OREANDA-NEWS. October 14, 2011. ABBYY, a leading provider of document recognition, document capture, and linguistic technologies and services , today announced its participation in the  final conference of the European Commission’s Improving Access to Text (IMPACT) project. The event will take place on 24-25 October 2011, at the British Library in London. The IMPACT consortium, led by the Koninklijke Bibliotheek - National Library of the Netherlands, brings together twenty-six European project partners who range from national and regional libraries, research institutions and commercial suppliers who have pooled their knowledge and best practices.

Over the last few years mass digitisation has become one of the most prominent issues in the museum, library and archive world. A number of leading institutions in Europe including the British Library, the Bavarian State Library, the Bibliotheque Nationale de France and the Koninklijke Bibliotheek in the Netherlands, are undertaking large-scale digitisation projects, scanning millions of pages each year.

As Richard Boulderstone, Director of e-strategy and Information Systems at the British Library says, "digitisation has the potential to revolutionise research. The efficiency gains made possible by access to digital rather than physical items are huge. However, this is only the first step to making these documents accessible. Optical Character Recognition (OCR), indexing, text mining and sophisticated browser-based applications are also required to make this material easy to find, view, compare and analyse. The improvement in these techniques fostered by IMPACT has moved the boundaries of research forward by developing the tools that are required to unlock our physical collections and turn them into digital treasures."

Since 2008, ABBYY has played a key role in the IMPACT project by providing state-of-the-art OCR technology and expertise in recognising historic or old fonts. At this conference, the final tools and services of IMPACT will be presented, along with related research in the field of OCR and language technology. During the conference ABBYY representatives will be informing about the enhancements to the ABBYY recognition technology now available commercially for use by institutions and organisations around the world.
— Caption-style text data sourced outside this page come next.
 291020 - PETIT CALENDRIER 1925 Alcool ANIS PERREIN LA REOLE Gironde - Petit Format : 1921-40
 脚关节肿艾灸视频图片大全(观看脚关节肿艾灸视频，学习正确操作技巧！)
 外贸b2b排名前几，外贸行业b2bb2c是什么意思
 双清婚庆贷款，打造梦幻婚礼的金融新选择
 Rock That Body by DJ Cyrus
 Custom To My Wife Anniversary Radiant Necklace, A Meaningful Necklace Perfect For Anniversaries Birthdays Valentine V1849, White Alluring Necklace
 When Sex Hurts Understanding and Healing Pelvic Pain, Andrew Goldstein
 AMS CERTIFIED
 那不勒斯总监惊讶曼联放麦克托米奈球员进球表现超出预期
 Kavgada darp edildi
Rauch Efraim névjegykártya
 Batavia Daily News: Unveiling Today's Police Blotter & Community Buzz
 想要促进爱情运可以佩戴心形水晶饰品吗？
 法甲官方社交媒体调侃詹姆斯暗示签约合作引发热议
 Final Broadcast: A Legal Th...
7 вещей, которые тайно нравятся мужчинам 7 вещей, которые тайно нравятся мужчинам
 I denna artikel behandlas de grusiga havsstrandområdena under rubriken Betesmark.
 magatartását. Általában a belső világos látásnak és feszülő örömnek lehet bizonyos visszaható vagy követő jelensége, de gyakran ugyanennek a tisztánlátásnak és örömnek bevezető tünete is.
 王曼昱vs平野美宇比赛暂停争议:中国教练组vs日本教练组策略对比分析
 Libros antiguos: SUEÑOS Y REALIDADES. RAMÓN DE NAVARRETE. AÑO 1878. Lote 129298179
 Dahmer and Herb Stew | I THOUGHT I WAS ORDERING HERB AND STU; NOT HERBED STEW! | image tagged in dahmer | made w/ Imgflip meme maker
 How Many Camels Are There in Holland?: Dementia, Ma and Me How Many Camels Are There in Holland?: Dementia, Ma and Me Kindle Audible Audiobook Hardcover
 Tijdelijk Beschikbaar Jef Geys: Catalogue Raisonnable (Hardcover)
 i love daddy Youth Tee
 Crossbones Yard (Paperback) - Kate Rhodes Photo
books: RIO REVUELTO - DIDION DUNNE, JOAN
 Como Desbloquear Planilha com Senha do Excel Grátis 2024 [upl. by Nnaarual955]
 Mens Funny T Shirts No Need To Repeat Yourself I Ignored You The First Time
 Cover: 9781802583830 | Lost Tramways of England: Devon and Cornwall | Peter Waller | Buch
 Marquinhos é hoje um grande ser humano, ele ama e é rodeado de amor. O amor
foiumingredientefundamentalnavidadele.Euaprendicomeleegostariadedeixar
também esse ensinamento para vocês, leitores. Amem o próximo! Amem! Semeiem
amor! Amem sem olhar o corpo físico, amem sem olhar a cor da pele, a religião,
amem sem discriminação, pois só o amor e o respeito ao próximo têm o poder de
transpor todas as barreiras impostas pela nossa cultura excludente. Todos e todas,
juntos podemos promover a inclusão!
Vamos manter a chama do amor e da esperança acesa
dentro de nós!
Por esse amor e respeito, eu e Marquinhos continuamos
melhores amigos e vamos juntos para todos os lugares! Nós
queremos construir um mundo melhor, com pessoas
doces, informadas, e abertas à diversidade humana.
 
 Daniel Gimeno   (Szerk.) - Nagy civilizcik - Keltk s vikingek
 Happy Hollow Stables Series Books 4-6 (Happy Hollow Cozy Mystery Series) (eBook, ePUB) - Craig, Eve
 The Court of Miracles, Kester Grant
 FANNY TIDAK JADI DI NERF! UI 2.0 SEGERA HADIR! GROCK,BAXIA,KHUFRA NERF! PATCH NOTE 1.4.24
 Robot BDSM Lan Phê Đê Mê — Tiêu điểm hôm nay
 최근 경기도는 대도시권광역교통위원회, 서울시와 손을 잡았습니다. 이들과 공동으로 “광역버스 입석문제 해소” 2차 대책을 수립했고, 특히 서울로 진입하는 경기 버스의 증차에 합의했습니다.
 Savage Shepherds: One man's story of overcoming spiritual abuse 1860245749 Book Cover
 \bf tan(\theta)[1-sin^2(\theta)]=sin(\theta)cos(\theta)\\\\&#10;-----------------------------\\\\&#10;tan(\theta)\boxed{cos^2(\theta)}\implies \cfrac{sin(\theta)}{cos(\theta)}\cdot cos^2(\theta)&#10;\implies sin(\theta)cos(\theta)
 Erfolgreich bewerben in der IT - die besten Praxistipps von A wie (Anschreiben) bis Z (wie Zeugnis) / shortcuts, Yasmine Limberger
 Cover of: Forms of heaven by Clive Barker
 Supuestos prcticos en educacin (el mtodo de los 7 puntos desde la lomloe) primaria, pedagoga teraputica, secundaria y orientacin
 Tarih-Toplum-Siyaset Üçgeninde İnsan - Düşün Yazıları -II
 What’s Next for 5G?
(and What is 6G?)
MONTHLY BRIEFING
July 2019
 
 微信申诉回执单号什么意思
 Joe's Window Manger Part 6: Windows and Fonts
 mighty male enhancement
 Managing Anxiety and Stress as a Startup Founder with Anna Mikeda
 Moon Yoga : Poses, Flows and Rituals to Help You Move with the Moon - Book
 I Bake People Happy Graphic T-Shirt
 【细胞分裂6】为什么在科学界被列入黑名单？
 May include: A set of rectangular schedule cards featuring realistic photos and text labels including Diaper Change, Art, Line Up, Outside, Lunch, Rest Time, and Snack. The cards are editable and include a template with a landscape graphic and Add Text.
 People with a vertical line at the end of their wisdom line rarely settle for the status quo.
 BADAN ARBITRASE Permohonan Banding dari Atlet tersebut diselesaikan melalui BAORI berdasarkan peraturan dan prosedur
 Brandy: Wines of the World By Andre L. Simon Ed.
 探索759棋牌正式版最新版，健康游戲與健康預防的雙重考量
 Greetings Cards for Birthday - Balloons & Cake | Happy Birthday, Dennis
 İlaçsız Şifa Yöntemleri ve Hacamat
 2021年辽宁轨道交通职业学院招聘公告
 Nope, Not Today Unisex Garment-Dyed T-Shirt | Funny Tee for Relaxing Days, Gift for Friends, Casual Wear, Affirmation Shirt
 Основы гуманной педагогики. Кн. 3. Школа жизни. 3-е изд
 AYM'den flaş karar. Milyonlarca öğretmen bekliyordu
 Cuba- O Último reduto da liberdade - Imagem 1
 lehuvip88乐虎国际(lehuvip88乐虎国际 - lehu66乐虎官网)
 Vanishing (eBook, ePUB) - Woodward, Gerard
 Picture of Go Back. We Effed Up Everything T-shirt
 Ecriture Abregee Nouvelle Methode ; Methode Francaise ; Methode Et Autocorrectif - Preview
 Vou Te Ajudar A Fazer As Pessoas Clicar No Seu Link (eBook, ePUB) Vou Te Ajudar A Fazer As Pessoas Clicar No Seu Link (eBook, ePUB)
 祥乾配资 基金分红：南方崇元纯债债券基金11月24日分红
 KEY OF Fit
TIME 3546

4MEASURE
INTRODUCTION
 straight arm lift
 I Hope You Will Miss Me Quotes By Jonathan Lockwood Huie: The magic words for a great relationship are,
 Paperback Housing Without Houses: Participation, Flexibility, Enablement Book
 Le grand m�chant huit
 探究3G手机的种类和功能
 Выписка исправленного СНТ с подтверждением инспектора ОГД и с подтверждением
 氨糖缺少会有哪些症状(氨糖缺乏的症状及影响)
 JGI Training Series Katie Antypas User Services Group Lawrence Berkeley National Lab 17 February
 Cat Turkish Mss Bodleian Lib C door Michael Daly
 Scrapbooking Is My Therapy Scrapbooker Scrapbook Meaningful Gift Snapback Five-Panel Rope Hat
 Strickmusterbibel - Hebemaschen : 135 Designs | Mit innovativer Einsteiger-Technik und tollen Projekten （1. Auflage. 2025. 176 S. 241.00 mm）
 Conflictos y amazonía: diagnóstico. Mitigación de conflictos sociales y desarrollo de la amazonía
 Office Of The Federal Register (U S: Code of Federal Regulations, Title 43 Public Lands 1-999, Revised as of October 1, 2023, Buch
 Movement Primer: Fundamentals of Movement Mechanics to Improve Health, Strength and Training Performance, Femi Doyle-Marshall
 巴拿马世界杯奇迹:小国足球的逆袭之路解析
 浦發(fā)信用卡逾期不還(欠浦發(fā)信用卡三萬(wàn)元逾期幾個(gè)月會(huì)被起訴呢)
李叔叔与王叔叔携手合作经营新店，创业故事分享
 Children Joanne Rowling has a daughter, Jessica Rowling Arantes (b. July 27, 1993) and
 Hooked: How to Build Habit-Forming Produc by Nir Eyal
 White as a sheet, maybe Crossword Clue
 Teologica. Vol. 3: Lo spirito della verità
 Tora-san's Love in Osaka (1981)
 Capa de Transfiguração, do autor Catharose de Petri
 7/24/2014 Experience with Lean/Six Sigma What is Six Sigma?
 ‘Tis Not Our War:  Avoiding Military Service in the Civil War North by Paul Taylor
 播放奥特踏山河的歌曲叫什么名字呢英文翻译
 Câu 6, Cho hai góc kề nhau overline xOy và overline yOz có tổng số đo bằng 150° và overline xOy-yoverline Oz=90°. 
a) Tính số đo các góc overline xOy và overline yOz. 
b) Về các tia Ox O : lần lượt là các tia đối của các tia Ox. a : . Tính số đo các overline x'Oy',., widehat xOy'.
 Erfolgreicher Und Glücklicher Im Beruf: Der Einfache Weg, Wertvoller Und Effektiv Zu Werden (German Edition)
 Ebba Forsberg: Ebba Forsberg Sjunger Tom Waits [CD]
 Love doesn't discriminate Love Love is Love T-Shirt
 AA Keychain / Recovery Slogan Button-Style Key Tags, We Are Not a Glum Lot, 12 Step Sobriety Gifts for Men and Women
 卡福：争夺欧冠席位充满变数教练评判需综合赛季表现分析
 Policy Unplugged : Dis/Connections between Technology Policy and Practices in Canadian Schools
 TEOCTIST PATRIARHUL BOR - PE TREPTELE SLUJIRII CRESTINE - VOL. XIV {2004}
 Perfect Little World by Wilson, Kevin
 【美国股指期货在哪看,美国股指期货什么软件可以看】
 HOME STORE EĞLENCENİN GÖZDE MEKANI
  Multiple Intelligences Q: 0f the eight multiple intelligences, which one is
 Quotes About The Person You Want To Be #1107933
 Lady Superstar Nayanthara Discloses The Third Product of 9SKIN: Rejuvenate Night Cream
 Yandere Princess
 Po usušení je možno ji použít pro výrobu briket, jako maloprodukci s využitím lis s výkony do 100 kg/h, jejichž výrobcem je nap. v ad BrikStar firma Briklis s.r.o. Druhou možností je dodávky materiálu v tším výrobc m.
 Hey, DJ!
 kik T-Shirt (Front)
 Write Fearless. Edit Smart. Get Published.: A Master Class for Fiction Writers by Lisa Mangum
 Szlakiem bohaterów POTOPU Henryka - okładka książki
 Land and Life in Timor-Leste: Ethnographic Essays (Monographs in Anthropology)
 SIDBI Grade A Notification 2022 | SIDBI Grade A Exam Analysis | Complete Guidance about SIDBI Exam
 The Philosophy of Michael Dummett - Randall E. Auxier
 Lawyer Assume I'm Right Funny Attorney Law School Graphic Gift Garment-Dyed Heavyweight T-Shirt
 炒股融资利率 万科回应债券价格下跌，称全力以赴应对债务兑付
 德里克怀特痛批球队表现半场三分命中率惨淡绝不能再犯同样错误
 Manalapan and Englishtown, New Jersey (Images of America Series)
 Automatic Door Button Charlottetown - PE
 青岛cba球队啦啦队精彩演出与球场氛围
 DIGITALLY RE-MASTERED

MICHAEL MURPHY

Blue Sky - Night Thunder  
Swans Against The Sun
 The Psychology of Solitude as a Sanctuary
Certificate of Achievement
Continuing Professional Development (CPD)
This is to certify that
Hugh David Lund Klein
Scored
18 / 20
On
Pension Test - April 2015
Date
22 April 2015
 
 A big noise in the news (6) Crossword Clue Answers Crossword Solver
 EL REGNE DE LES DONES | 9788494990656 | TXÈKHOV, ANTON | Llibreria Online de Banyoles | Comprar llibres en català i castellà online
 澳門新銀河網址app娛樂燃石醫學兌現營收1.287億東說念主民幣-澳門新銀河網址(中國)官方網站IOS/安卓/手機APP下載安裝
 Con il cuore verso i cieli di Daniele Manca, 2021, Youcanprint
“Digitisation not only can help preserve European intellectual heritage for future generations, it can also unlock and make those treasures available for millions of researchers, students and regular readers around the globe,” explained Andrey Isaev, Director of the SDK Products Department at ABBYY. “ABBYY is excited to contribute to this worthwhile initiative with our OCR innovation and sharing of best practice. We also appreciate the close and productive collaboration with people who are just as enthusiastic about text recognition as ourselves.”